On Sat, Feb 06, 2010 12:08:48 PM +0700, Michel Bauwens (michelsub2004 at gmail.com) wrote:

> My profound conviction is that if one person acquires any digital
> content, he is free to use and share, and that in no way sharing
> should be criminalized. But even with piracy, in a country like
> Thailand, it is simply immoral to enforce IP law, which destroys the
> livelyhood of hundreds thousands of people in the informal economy.

Michel,

I share (no pun intended) your concern, however I feel that the
position above is another hint that many analyses and proposals in
this field are weak and potentially counterproductive because they
come from a restricted vision.

First a general comment: I stepped into this thread only to discuss
copyright, not IP, and for now I'll stick to that.
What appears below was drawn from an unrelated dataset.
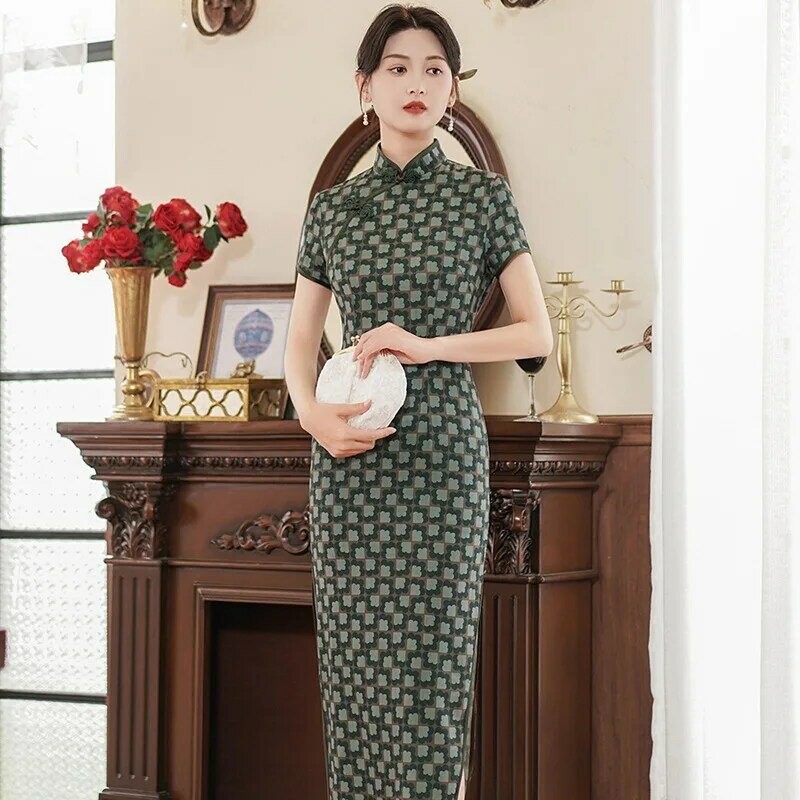 Женское атласное платье в китайском стиле, размеры до 5XL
The impact of
patents, trademark and other stuff on the livelyhood of poor people is
really serious, I agree, but I'll stick to copyright.
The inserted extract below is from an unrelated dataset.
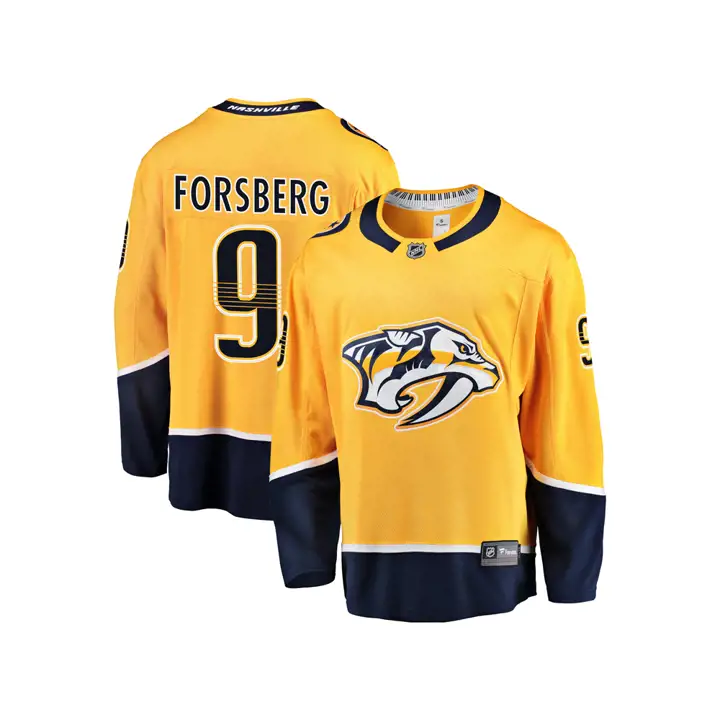 Maillot de joueur de la LNH des Predators de Nashville Filip Forsberg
Secondly, it is not correct to call "sharing" what I have attacked in
detail in my previous posts. If an author publishes something online
for free, without registrations or other barriers like proprietary
formats etc.. it's already shared. Integral copies of that work
anywhere else online are simply useless from that point of view
because they don't add anything to that sharing. They are not sharing,
because there was nothing more to share than what the author are
already done.

Sure, wee could maybe talk about derived works or translations, or
even offline distribution (eg printouts or CDs to folks without
connectivity) but I feel it would just add to confusion to do it
before these points are clear. Why go into details until we aren't
sure that we are using the right words at the basic level? See also my
answer to Kevin.

> A different issue is the ethical issue of attribution. What do we do
> with ethical breaches of that nature. If you see somebody
> reproducing your work, in a 'commercialized environment' and not
> attributing or paying you, how would want the law to react?
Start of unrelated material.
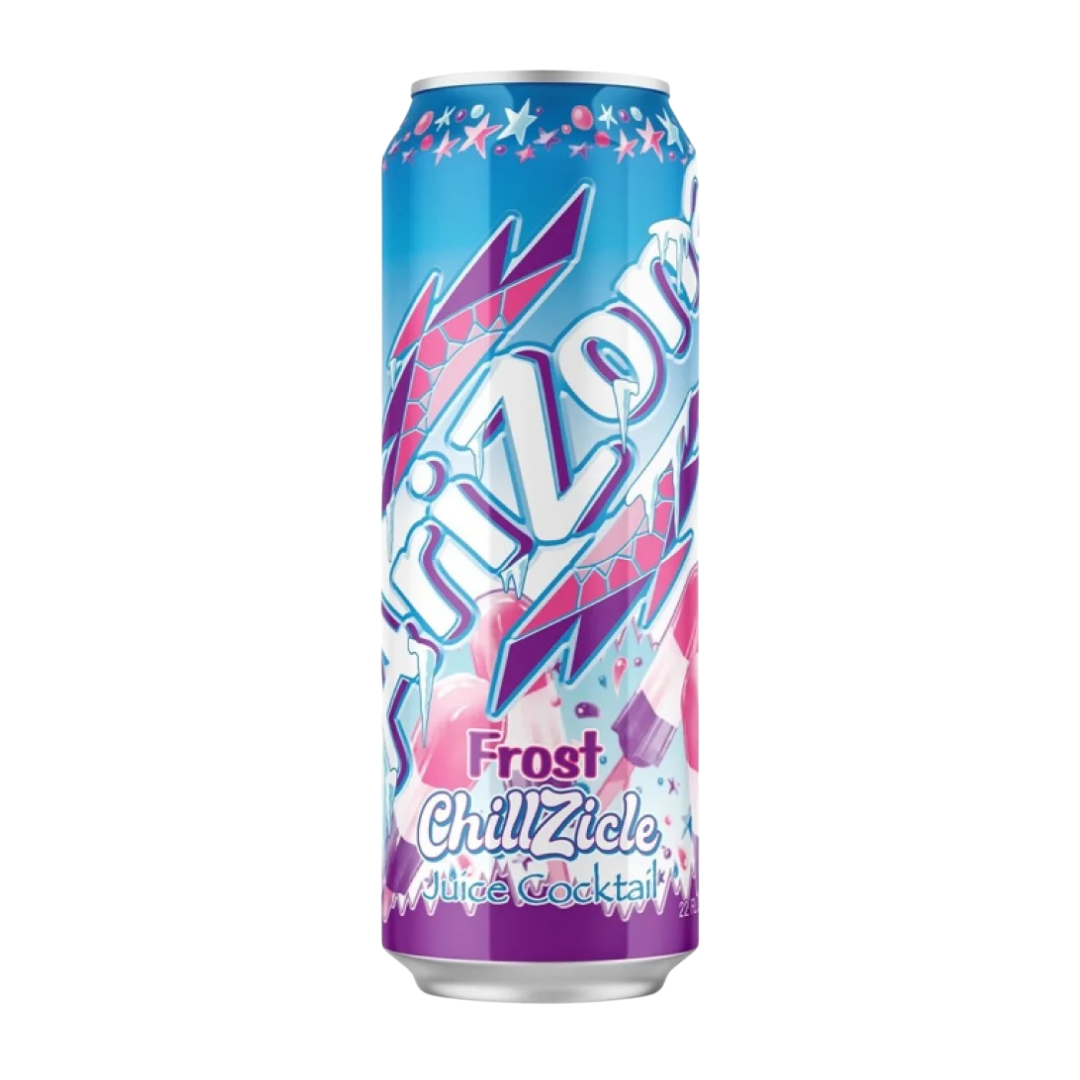 Lata de AriZona Frost Chillzicle ponche de frutas refrescante 22oz.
I think we should separate attribution and (as long as we need it to
pay the bills) money. Maybe attribution should be preserved by law
forever, unless the author says otherwise. For historical accuracy, if
nothing else?

When it comes to money, my position is what I already said: first,
make copyright last much, much less than today, and when stuff goes
into public domain that's it. Before expiration, if and when the
author doesn't want money, OK. Otherwise, the law should support the
author in this, in two parallel ways:

1) Do not tolerate J.K. Rowling style control tantrums, that is
   redefine fair use, format shifting, etc... in the interest of end
   users.

2) but also abolish the distinction between commercial and
   non-commercial in all cases where they hurt the authors. If I spend
   6 weeks writing a tutorial and put it online for free to get some
   money through banners, requests for donations and what not and you
   publish a complete copy on your site, it makes no difference
   whether YOU make money out of your copy or not. Even if you keep
   attribution, link to the original article etc... people who will
   read the whole thing on your site won't come to mine and read the
   banner, the request for donation or whatever it is. So you would
   indeed damage me even if you never wanted to make a penny out of
   your copy. Again, for no benefit whatever to society, because the
   whole tutorial was already available to everybody.